The jobless-claims data “points to a loosening in the labor market, which is welcome news for the Fed,” said Larry Adam, chief investment officer at Raymond James, in a tweet.

Stocks are on track to finish off their worst year since 2008 not far from their lows of the year. The Nasdaq Composite will start Thursday near its lowest intraday level in 30 months, having lost 36.4% since its peak in November 2021.

“This year really needs to end, now!” said Ipek Ozkardeskaya, senior analyst at Swissquote Bank, who noted that the latest dip for stocks leaves the U.S. benchmark in a precarious technical position.

If the major indexes finish lower for the week, it would mark the fourth straight such loss for the S&P 500, the longest streak of weekly declines since May, according to FactSet data.

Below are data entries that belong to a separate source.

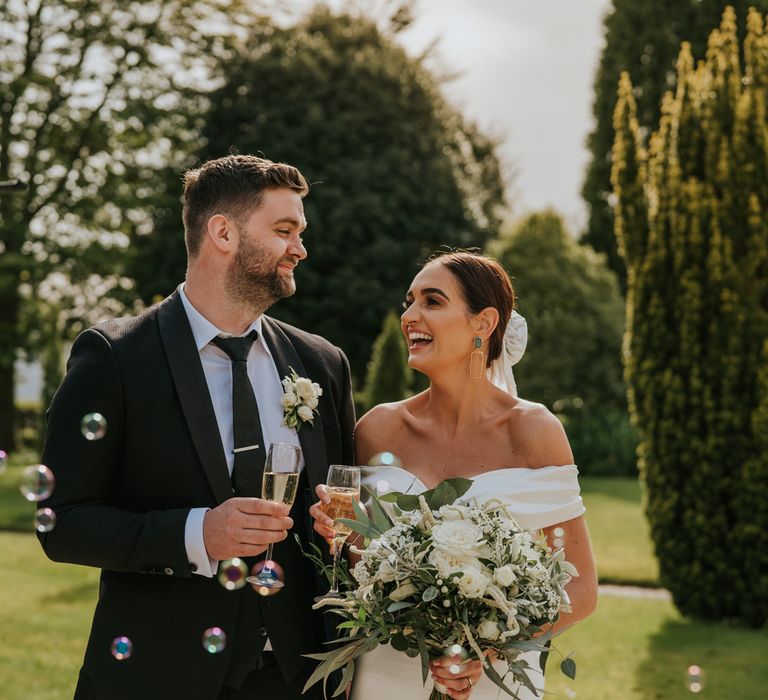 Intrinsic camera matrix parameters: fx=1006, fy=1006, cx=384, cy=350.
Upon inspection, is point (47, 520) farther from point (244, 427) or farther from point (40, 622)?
point (40, 622)

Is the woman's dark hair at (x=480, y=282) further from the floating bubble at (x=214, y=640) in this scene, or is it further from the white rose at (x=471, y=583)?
the floating bubble at (x=214, y=640)

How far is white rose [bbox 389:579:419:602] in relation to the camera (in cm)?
315

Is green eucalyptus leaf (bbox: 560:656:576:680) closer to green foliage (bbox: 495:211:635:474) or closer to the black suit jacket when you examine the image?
the black suit jacket

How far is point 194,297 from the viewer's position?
3701mm

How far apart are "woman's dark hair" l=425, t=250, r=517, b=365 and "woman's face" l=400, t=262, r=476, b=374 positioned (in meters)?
0.03

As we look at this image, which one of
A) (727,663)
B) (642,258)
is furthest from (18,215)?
(727,663)

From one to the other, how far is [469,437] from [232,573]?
127cm

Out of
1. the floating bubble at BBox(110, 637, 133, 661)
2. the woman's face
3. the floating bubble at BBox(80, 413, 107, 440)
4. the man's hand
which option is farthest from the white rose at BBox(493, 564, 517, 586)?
the floating bubble at BBox(80, 413, 107, 440)

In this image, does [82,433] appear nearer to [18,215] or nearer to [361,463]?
[361,463]

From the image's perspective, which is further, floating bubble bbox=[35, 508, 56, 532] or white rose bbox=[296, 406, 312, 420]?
white rose bbox=[296, 406, 312, 420]

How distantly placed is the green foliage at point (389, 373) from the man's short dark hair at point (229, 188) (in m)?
13.8

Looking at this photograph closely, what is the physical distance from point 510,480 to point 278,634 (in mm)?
1125

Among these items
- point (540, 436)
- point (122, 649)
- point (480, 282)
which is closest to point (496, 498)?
point (540, 436)

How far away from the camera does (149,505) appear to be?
339 cm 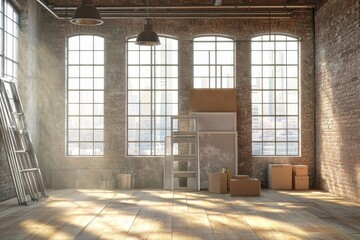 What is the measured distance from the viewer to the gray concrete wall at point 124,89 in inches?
547

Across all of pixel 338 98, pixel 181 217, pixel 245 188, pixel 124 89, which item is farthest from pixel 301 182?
pixel 181 217

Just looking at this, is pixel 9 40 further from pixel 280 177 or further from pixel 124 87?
pixel 280 177

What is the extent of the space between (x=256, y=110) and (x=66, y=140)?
4.73 metres

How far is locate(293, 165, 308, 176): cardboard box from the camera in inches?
529

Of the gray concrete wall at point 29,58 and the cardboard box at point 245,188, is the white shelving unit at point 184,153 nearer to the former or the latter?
the cardboard box at point 245,188

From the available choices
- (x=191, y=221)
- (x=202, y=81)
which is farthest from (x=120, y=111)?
(x=191, y=221)

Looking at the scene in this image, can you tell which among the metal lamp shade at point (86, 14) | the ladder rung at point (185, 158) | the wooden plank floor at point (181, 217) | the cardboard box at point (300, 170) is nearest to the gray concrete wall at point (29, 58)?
the wooden plank floor at point (181, 217)

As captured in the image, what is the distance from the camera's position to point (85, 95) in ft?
46.3

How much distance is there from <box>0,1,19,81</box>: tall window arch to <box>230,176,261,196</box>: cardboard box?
5230 millimetres

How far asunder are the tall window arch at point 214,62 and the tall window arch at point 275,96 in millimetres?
567

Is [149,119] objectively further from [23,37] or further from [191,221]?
[191,221]

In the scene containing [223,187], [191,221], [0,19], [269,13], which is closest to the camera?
[191,221]

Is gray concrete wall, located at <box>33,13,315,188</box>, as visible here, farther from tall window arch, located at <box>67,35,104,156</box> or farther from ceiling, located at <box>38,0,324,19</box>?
ceiling, located at <box>38,0,324,19</box>

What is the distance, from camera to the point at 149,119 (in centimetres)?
1415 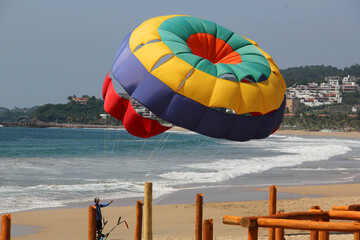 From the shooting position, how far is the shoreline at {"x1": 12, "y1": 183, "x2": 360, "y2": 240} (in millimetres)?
14242

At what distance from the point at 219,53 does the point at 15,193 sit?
12.9 metres

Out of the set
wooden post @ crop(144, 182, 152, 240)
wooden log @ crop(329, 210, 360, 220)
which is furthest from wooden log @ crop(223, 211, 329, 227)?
wooden post @ crop(144, 182, 152, 240)

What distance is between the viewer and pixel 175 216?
1672 centimetres

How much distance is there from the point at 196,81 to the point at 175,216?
24.5 ft

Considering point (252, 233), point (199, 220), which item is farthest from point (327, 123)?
point (252, 233)

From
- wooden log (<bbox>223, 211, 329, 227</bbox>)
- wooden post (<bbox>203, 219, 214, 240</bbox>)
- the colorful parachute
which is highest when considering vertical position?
the colorful parachute

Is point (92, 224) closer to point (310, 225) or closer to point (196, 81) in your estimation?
point (196, 81)

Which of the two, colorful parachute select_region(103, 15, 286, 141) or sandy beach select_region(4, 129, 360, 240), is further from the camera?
sandy beach select_region(4, 129, 360, 240)

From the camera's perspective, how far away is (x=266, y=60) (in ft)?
38.4

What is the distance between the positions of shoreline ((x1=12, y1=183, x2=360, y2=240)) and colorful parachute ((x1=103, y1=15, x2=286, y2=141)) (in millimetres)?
3823

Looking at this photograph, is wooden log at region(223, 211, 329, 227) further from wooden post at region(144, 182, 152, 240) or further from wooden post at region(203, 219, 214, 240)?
wooden post at region(144, 182, 152, 240)

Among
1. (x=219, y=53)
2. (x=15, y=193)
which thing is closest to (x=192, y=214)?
(x=219, y=53)

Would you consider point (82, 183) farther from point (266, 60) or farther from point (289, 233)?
point (266, 60)

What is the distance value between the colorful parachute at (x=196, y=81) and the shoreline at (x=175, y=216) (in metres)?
3.82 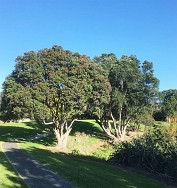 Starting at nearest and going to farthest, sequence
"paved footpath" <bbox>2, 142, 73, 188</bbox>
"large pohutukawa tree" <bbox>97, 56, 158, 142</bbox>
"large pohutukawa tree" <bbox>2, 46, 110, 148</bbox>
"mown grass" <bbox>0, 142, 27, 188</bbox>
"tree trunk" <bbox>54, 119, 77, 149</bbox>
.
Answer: "mown grass" <bbox>0, 142, 27, 188</bbox> < "paved footpath" <bbox>2, 142, 73, 188</bbox> < "large pohutukawa tree" <bbox>2, 46, 110, 148</bbox> < "tree trunk" <bbox>54, 119, 77, 149</bbox> < "large pohutukawa tree" <bbox>97, 56, 158, 142</bbox>

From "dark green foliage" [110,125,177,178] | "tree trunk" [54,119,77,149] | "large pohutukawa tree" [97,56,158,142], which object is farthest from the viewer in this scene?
"large pohutukawa tree" [97,56,158,142]

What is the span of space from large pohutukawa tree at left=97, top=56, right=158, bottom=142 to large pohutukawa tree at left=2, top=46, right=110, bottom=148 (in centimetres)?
795

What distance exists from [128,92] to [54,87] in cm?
1492

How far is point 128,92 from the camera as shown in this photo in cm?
4016

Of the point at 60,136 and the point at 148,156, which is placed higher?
the point at 60,136

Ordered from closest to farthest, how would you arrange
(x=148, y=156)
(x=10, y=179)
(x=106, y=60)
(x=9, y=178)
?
(x=10, y=179) < (x=9, y=178) < (x=148, y=156) < (x=106, y=60)

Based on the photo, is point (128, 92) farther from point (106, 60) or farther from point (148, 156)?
point (148, 156)

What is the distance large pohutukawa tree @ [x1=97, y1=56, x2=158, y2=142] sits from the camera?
125 feet

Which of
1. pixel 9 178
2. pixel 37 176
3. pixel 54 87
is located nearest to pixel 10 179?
pixel 9 178

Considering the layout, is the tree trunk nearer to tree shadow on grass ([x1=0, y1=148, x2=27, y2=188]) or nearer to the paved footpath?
the paved footpath

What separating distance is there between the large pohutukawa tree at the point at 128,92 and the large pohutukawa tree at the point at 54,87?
7950 millimetres

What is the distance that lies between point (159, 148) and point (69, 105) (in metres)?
11.8

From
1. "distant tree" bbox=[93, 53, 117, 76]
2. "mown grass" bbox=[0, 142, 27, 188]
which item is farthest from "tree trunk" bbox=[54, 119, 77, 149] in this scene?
"mown grass" bbox=[0, 142, 27, 188]

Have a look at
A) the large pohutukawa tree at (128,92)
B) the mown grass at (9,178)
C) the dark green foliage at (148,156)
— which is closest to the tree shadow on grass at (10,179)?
the mown grass at (9,178) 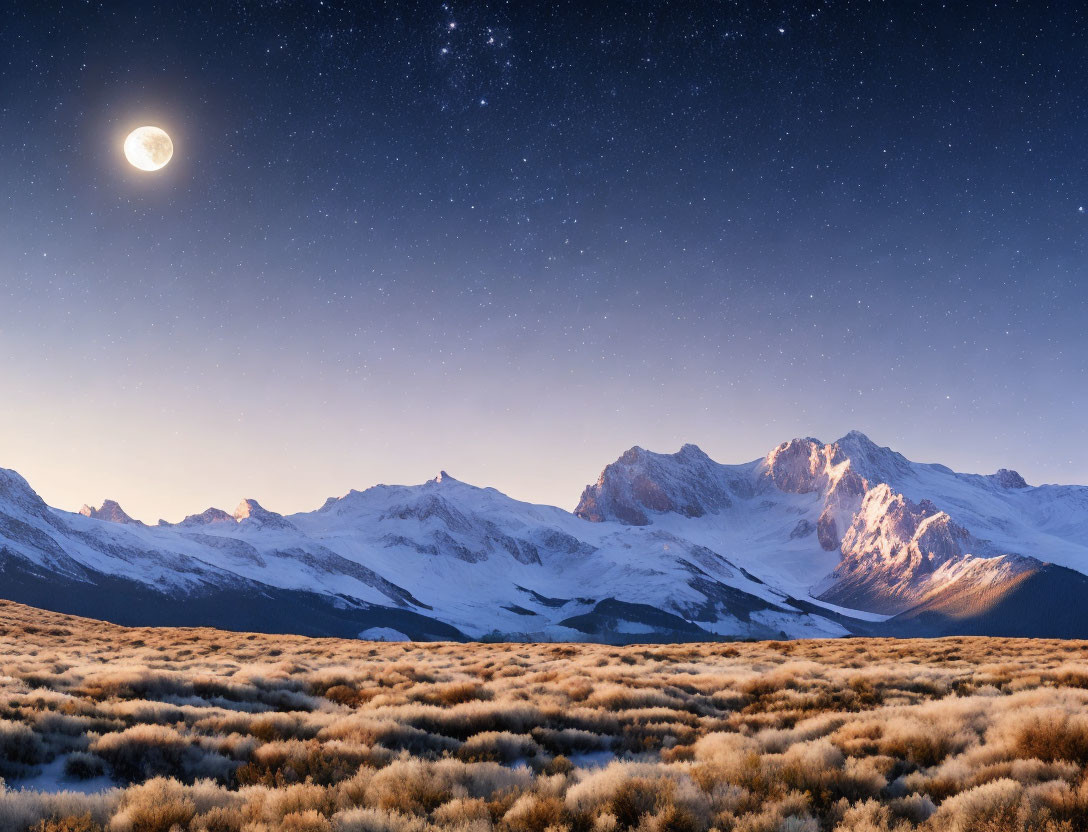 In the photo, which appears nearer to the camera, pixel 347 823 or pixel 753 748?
pixel 347 823

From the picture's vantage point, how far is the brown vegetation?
7352 millimetres

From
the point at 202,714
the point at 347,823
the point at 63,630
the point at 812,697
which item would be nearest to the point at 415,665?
the point at 202,714

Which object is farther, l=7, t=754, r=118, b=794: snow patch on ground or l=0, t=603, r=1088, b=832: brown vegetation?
l=7, t=754, r=118, b=794: snow patch on ground

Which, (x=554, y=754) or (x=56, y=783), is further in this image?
(x=554, y=754)

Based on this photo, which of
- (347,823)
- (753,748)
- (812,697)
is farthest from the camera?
(812,697)

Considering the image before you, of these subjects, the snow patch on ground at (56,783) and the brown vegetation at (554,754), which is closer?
the brown vegetation at (554,754)

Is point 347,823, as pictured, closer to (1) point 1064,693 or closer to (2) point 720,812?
(2) point 720,812

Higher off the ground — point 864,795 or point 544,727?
point 864,795

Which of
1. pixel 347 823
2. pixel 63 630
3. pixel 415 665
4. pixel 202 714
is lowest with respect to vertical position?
pixel 63 630

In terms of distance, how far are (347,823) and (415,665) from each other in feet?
58.7

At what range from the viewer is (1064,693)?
43.9 feet

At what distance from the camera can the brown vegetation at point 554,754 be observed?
289 inches

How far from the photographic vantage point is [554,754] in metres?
11.5

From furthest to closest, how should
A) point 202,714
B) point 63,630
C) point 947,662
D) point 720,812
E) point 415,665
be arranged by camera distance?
point 63,630
point 947,662
point 415,665
point 202,714
point 720,812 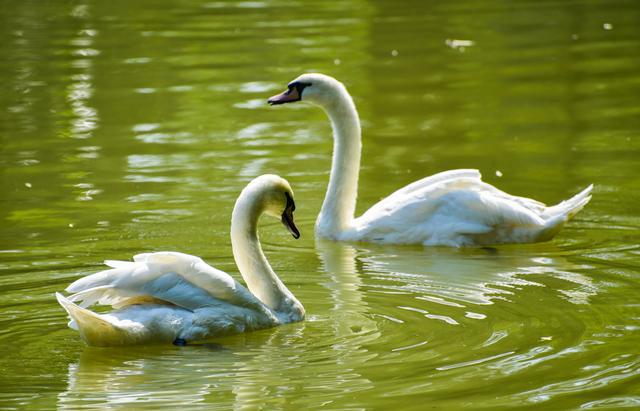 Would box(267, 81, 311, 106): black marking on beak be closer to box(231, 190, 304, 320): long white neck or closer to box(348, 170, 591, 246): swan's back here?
box(348, 170, 591, 246): swan's back

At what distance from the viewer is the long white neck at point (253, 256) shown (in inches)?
319

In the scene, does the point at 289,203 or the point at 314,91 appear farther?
the point at 314,91

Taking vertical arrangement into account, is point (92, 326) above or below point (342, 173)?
below

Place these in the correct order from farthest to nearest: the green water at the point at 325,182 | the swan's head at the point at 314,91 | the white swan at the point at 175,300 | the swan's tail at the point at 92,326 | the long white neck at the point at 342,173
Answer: the swan's head at the point at 314,91, the long white neck at the point at 342,173, the white swan at the point at 175,300, the swan's tail at the point at 92,326, the green water at the point at 325,182

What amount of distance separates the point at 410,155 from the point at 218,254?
3.92 m

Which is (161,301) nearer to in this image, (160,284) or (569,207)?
(160,284)

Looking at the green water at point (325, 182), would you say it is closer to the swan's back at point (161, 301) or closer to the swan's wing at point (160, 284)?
the swan's back at point (161, 301)

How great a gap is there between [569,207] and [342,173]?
182cm

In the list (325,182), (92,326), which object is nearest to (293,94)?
(325,182)

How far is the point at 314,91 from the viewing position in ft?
36.1

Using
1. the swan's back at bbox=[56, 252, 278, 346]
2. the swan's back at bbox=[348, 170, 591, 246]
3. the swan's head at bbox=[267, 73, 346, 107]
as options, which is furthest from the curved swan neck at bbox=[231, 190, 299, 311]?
the swan's head at bbox=[267, 73, 346, 107]

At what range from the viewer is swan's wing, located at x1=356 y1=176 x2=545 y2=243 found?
1009 cm

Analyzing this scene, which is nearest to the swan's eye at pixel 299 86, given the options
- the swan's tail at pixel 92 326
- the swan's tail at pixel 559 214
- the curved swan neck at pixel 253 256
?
the swan's tail at pixel 559 214

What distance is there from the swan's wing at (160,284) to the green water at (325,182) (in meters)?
0.26
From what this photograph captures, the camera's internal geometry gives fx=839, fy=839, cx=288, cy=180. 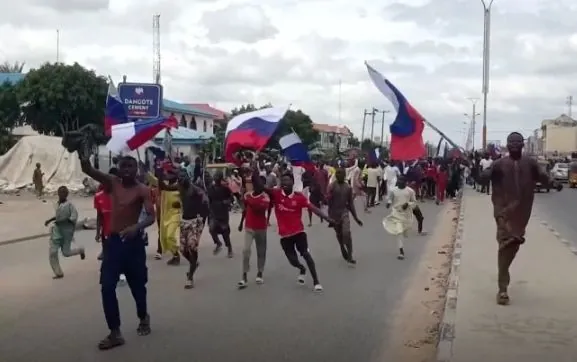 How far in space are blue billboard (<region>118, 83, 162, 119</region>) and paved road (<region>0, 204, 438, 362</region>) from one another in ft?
11.5

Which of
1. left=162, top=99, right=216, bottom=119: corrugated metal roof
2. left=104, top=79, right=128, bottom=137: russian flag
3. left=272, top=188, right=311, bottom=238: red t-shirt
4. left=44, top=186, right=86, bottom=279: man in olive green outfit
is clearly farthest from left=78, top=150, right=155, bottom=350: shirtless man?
left=162, top=99, right=216, bottom=119: corrugated metal roof

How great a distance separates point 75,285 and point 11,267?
2.60m

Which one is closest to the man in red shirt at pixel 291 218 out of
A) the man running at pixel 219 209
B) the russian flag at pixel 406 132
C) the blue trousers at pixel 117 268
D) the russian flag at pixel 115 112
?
the russian flag at pixel 406 132

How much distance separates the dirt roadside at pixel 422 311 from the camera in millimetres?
7547

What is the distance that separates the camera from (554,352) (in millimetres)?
6953

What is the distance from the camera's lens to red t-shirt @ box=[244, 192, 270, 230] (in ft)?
36.1

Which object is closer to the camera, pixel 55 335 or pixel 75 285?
pixel 55 335

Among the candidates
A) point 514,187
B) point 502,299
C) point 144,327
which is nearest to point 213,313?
point 144,327

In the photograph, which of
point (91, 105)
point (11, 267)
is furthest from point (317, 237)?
point (91, 105)

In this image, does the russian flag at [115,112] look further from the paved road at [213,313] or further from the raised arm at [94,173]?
the raised arm at [94,173]

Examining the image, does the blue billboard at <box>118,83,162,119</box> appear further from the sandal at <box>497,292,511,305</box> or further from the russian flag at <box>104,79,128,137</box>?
the sandal at <box>497,292,511,305</box>

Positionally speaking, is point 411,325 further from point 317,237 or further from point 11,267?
point 317,237

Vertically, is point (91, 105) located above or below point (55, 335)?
above

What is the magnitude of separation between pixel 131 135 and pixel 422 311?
6590 mm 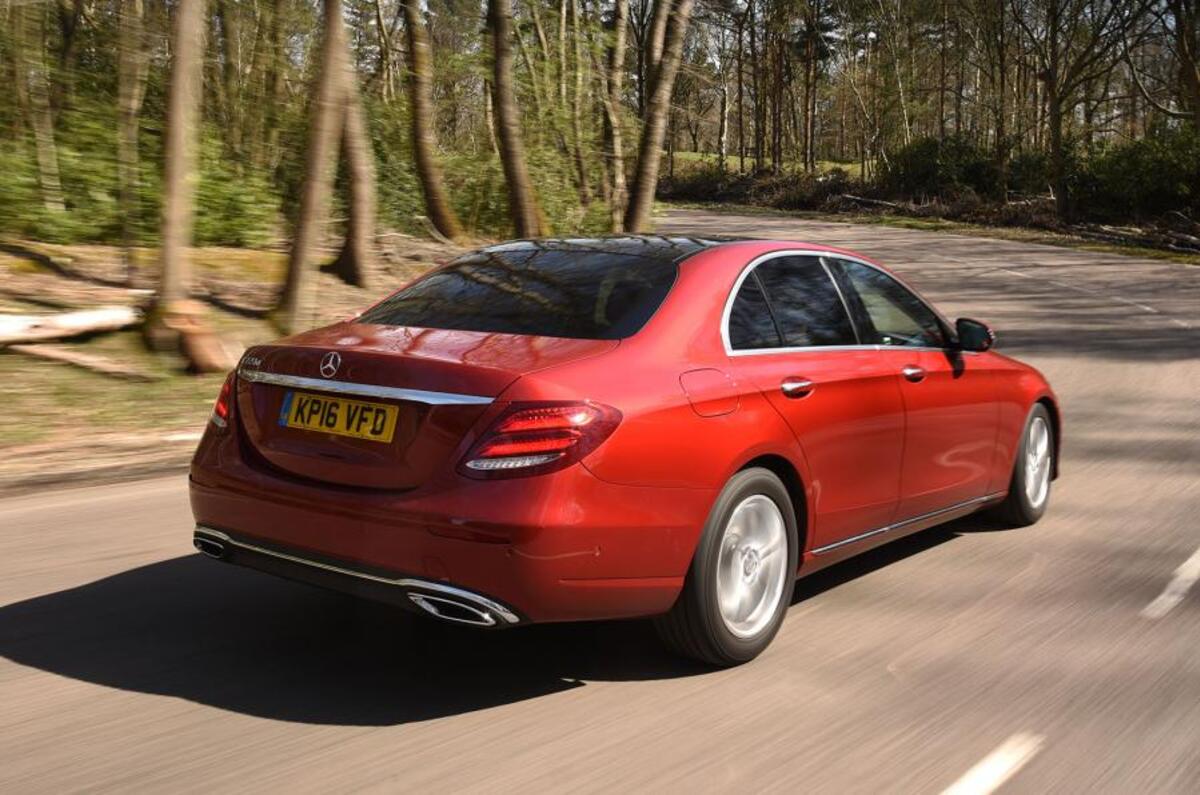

For the Dow, which finished higher last week as it continued to outperform, a weekly loss would be the third down week in four.

Companies in focus
  • Tesla
    TSLA,
    +8.18%

    rallied Thursday after posting its first rise in eight sessions Wednesday. The electric-vehicle maker’s shares had declined in seven consecutive sessions, their worst losing streak since a seven-session run that ended on Sept. 15, 2018.

  • Southwest Airlines 
    LUV,
    +3.45%

    remains in focus as the airline tries to recover from logistical issues that caused thousands of flight cancellations over the past week. The stock fell 11% over the past two days.

  • General Electric’s 
    GE,
    +0.60%

    spin-off of GE HealthCare Technologies will join the S&P 500 index when it begins trading as a separate public company on Jan. 4. GE HealthCare will replace Vornado Realty Trust 
    VNO,
    +2.47%
    ,
    which will move to the S&P MidCap 400. Vornado will replace logistics company RXO
    RXO,
    +6.59%
    ,
    which will move to the S&P SmallCap 600. GE HealthCare — trading on a when-issued basis — rose, while Vornado was marginally lower and RXO jumped.

  • Cal-Maine 
    CALM,
    -12.45%

    slid after its quarterly earnings came in below Wall Street forecasts. Cal-Maine reported record sales for the quarter as an avian flu outbreak continued to limit the supply of eggs, driving prices sharply higher. The company also said there were no positive tests for avian flu at any of its production facilities, as of Wednesday.